Restablecidas sus prioridades, las tres se apresuraron a abandonar el coche como si estuviera en llamas. Extrajeron la ropa de deporte de sus respectivas bolsas y, envolviéndose la mano en varias prendas, accionaron la manecilla de sus respectivas puertas para salir. De haber sido por ellas, hubiese sido de esperar que se presentara un grupo de tíos enfundados en trajes especiales y cargados de tanques de jabón antiséptico, a fin de exterminar todo organismo viviente posado en ellas.

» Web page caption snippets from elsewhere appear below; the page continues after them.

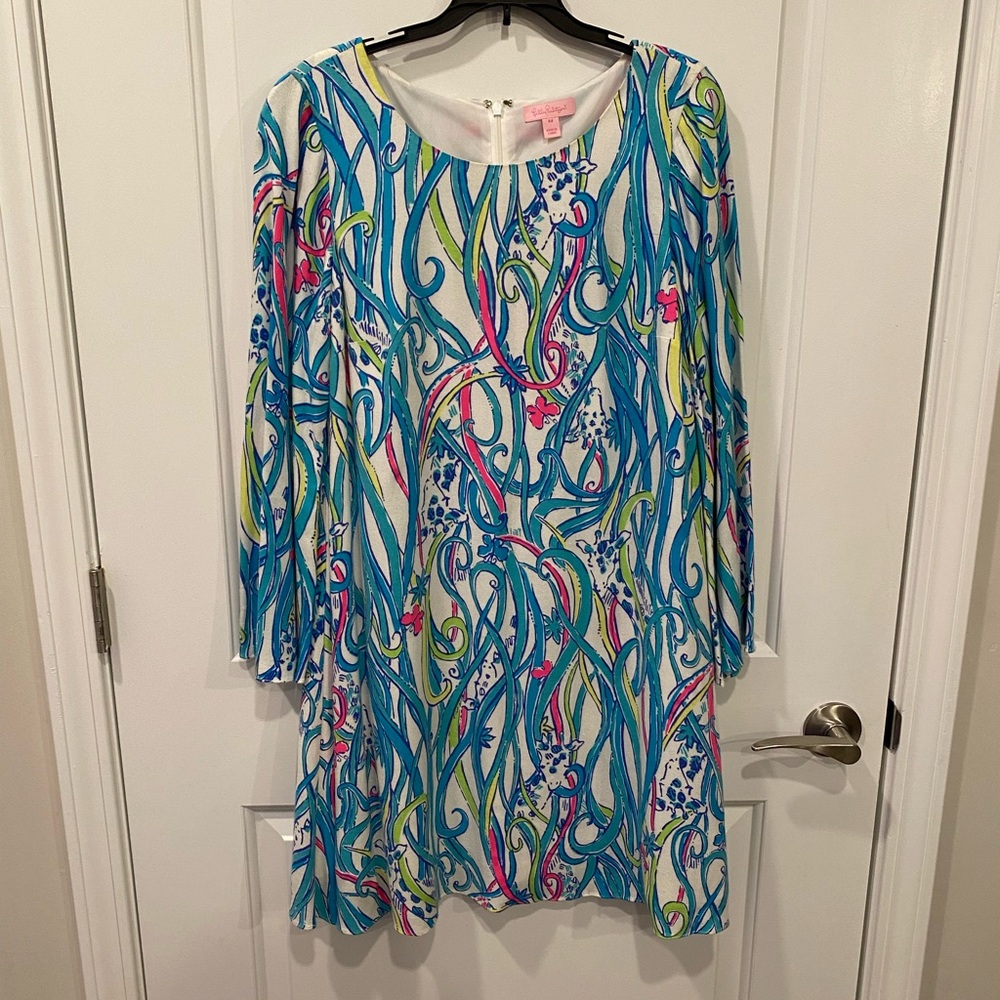 Lilly Pulitzer Blue and Pink Sheath Mini Dress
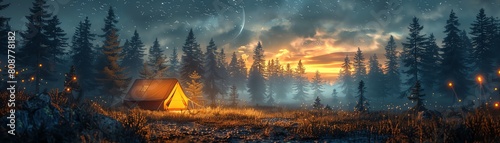 Create a CG 3D rendering of a nighttime camping scene  featuring a glowing tent surrounded by a forest  with fireflies dancing in the air and a sky full of twinkling stars above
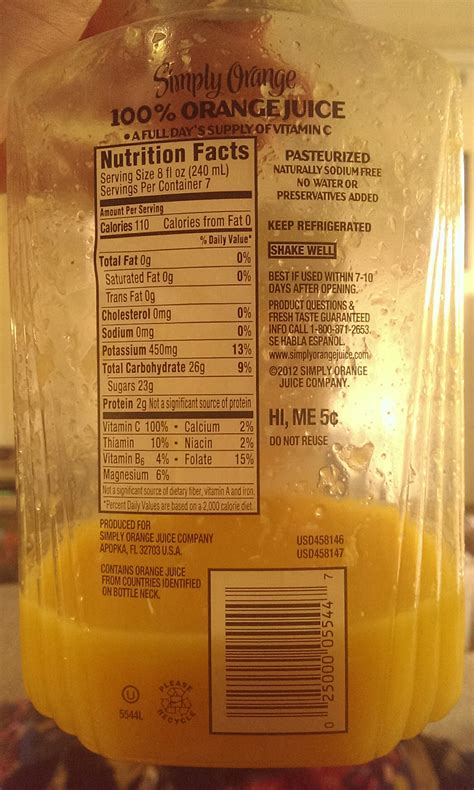 Simply Orange Juice Ingredients Label Best Label Ideas 2019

Charlotte se quedó allí sentada, en el coche abollado y recalentado, completamente decepcionada. No tanto por lo que había conseguido sino más bien por todo lo contrario.

Mientras la abollada tuba se mecía sobre el capó y las chicas salían como podían, el sistema de megafonía del instituto anunció:

—Petula Kensington, acuda a secretaría.